[Given data]

- - -

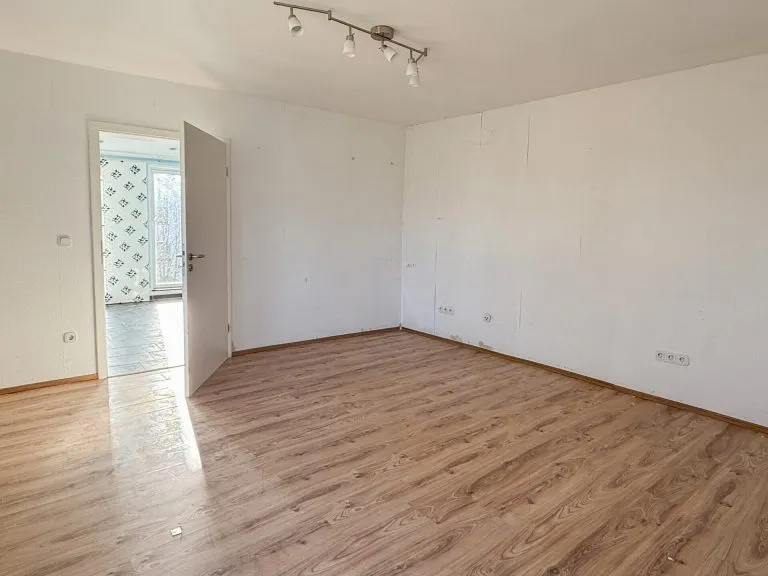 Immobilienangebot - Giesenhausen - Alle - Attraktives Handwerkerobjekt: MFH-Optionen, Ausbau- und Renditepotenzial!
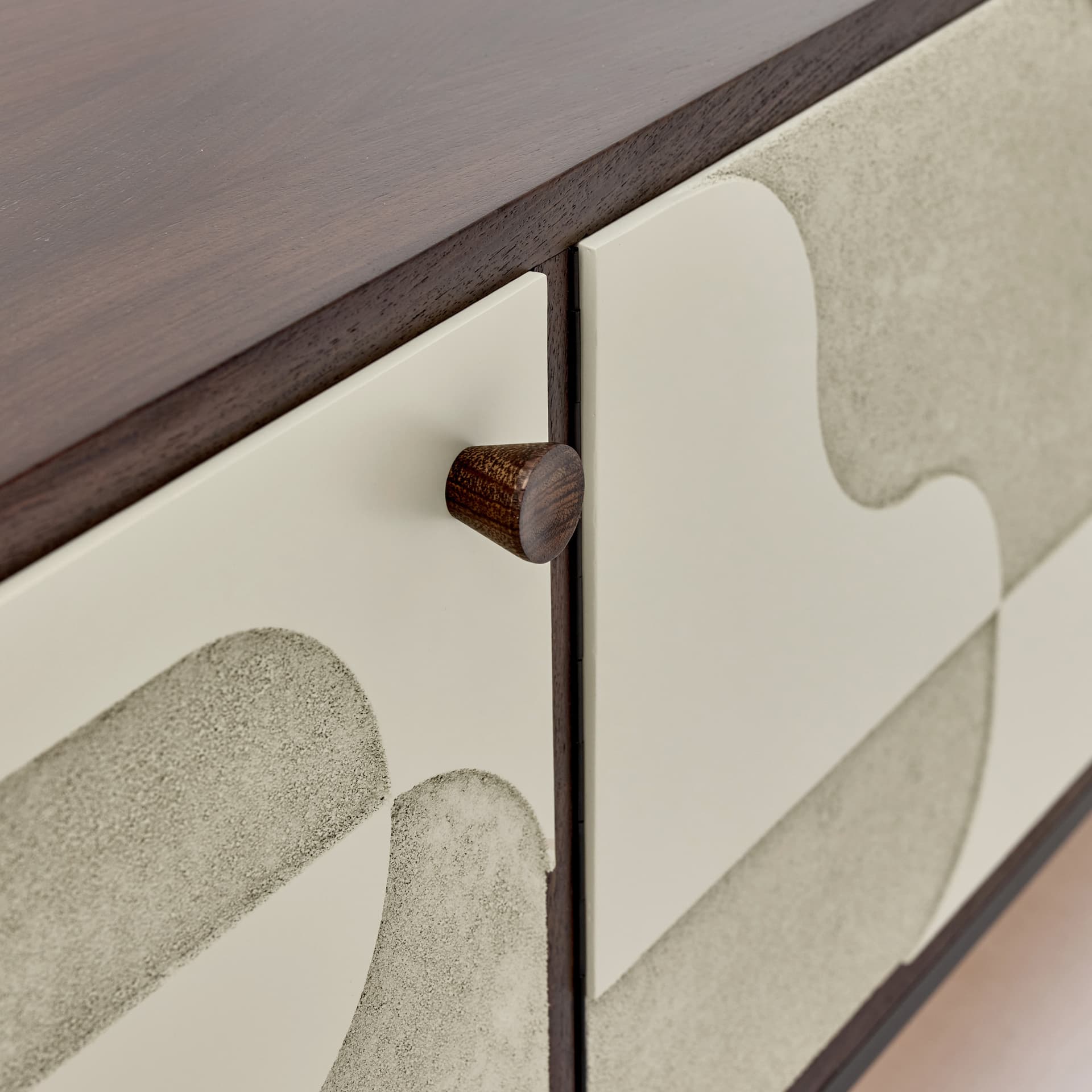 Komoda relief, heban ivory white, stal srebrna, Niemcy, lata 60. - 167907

- - -

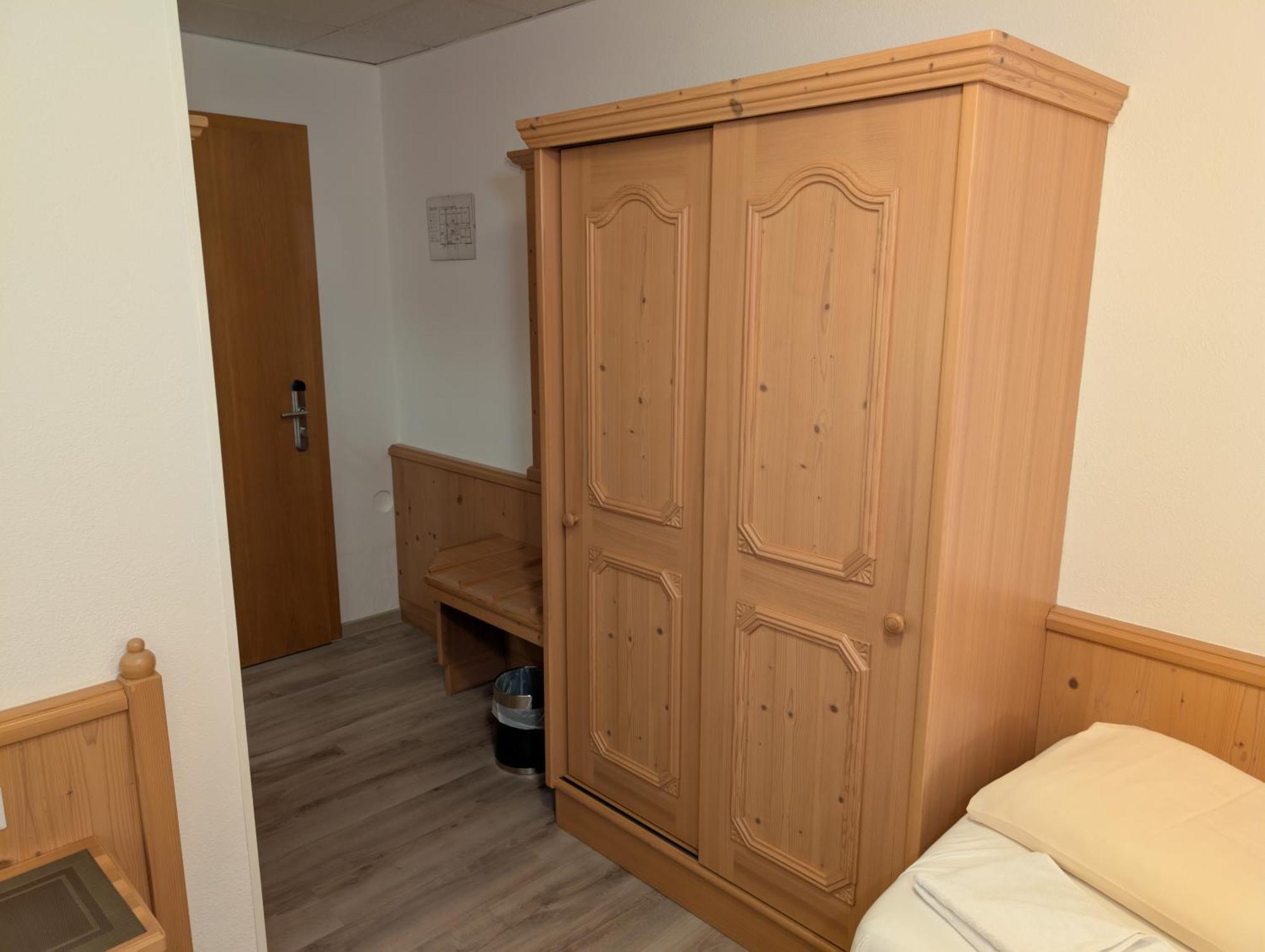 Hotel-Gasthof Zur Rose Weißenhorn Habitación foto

- - -

[Problem details]
Print from the line containing "Immobilienangebot - Giesenhausen" through the line containing "Komoda relief, heban" in the data above, exactly as the lines stand, and omit every picture.

[Task response]
 Immobilienangebot - Giesenhausen - Alle - Attraktives Handwerkerobjekt: MFH-Optionen, Ausbau- und Renditepotenzial!
 Komoda relief, heban ivory white, stal srebrna, Niemcy, lata 60. - 167907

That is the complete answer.